Behind the Iran deal is a fake enemy that the United States, Israel and Saudi Arabia are keen on bringing it back on stage. Since the 20th century, this triad worked together to design the ‘ultimate peace plan’ for the region. In his book ‘H. St. John Philby, Ibn Saud and Palestine’ Jerald Thompson records that in order to prevent the occurrence of a unified Arab power surrounding Israel, there must be in place an Arab ruler, which in that case was Ibn Saud, that would give up Palestine in return for his place as the leader of a contained Pan-Arab union. Though the plan never came to fruition, it is still being developed today.

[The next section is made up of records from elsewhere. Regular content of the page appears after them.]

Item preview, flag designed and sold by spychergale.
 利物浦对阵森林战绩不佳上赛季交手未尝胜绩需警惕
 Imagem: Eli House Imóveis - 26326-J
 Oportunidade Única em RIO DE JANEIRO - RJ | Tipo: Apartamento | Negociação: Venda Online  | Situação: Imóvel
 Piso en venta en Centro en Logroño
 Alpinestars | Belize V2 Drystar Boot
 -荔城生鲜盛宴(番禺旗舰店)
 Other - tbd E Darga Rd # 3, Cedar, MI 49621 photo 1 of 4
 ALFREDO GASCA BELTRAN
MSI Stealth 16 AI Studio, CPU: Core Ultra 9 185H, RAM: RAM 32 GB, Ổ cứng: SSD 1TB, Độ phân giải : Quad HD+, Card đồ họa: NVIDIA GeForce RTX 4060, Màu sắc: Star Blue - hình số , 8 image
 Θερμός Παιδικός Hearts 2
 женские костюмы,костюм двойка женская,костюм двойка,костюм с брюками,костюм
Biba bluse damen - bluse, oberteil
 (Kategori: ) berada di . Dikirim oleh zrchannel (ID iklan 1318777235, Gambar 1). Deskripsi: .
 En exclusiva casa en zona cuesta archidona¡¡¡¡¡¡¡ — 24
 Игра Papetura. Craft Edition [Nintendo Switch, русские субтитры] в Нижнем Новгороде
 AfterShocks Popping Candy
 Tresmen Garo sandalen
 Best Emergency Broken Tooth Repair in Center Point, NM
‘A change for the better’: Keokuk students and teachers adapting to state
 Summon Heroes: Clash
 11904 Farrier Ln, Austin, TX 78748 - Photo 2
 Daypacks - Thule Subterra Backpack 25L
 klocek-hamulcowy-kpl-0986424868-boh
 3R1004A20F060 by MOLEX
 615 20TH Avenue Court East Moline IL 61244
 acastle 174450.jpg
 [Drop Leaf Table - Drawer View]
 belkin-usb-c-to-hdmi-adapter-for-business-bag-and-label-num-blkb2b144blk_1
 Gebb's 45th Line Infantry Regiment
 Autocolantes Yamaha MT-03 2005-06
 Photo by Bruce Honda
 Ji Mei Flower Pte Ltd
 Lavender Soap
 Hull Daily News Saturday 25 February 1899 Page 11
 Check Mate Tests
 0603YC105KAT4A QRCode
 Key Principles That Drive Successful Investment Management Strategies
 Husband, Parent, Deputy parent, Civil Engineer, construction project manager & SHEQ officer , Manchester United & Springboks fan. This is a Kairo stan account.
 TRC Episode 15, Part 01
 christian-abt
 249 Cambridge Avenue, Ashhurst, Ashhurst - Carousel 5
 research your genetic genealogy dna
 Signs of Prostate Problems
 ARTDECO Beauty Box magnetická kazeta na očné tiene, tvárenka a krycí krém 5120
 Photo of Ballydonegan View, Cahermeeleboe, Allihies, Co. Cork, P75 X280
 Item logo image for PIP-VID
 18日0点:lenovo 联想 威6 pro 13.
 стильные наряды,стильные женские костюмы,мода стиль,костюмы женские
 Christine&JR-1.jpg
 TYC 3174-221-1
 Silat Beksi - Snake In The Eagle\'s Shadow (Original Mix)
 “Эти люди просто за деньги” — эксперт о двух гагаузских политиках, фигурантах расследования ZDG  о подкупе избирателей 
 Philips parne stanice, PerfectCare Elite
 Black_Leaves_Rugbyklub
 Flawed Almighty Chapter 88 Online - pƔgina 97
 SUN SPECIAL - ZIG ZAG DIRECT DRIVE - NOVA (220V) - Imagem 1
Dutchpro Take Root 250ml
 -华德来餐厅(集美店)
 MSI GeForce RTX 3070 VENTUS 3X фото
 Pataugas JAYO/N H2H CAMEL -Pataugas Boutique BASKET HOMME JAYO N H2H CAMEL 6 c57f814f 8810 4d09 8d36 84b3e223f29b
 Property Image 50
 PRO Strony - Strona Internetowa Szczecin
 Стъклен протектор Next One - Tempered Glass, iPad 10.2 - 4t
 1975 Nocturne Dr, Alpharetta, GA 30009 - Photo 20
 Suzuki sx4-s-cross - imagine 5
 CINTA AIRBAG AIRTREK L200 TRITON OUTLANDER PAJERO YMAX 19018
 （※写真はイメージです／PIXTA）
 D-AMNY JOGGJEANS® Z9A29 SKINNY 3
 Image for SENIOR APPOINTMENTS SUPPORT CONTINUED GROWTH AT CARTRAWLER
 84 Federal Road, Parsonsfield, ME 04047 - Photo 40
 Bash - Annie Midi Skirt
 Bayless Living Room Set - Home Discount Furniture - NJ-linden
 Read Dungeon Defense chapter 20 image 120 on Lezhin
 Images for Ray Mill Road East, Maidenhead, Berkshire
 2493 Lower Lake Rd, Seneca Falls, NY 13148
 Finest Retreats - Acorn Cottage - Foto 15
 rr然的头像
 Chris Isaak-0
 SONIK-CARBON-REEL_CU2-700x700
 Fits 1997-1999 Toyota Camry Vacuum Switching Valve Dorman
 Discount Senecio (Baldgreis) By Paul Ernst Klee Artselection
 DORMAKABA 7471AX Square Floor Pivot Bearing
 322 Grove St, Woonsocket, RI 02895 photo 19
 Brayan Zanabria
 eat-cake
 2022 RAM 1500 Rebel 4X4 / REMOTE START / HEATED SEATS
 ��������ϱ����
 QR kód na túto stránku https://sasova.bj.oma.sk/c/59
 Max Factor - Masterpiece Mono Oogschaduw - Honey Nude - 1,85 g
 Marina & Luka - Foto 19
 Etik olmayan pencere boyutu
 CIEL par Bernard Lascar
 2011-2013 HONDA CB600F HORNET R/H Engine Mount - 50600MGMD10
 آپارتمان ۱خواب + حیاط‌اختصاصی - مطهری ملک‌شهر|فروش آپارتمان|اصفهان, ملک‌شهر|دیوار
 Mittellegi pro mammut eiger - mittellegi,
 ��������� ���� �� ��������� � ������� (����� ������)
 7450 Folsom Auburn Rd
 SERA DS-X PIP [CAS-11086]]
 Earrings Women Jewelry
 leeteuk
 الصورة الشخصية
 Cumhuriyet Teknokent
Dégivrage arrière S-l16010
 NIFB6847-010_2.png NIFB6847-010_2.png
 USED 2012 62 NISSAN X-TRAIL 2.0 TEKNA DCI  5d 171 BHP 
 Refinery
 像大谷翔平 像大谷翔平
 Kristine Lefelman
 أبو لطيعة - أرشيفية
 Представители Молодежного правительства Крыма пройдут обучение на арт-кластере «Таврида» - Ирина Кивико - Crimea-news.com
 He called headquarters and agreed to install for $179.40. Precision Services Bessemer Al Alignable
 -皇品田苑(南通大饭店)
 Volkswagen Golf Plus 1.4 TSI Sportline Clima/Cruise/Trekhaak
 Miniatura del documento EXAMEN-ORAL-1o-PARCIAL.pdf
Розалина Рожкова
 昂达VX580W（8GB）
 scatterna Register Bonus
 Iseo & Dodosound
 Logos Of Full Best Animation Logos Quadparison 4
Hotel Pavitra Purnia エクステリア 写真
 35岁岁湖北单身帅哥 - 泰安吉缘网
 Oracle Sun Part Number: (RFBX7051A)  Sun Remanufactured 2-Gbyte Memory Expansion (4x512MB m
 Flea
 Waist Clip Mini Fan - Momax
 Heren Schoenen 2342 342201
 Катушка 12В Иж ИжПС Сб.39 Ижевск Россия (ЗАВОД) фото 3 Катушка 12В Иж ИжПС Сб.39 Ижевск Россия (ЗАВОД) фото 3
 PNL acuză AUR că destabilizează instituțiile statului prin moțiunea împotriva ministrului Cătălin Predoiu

Indeed, Mohammed Bin Salman, Crown Prince of Saudi Arabia, is no longer hiding his disregard for the Palestinian cause, as Middle East Eye reports his explicit statements that “it is about time the Palestinians take the proposals and agree to come to the negotiations table or shut up and stop complaining”. He also added that Saudi Arabia’s top priority in the region is to confront Iran’s influence and power. Such statements collide and point to one direction: that defeating Iran is directly in conflict with providing a fair peace proposal for the Palestinians, and that Saudi Arabia’s leadership in the region is the ultimate goal. Whether the peace plan or war will come first, it is not yet entirely clear.

Iran, like Saddam Hussein, is the enemy that betrays its own cause: it eats up the Middle East and antagonizes it further, until its own flame is blown out by the imperialist powers. It is not the Iran nuclear deal that Benjamin Netanyahu and Trump are aggravated about, but it is the struggle to sustain their status, their honor, and their dominance.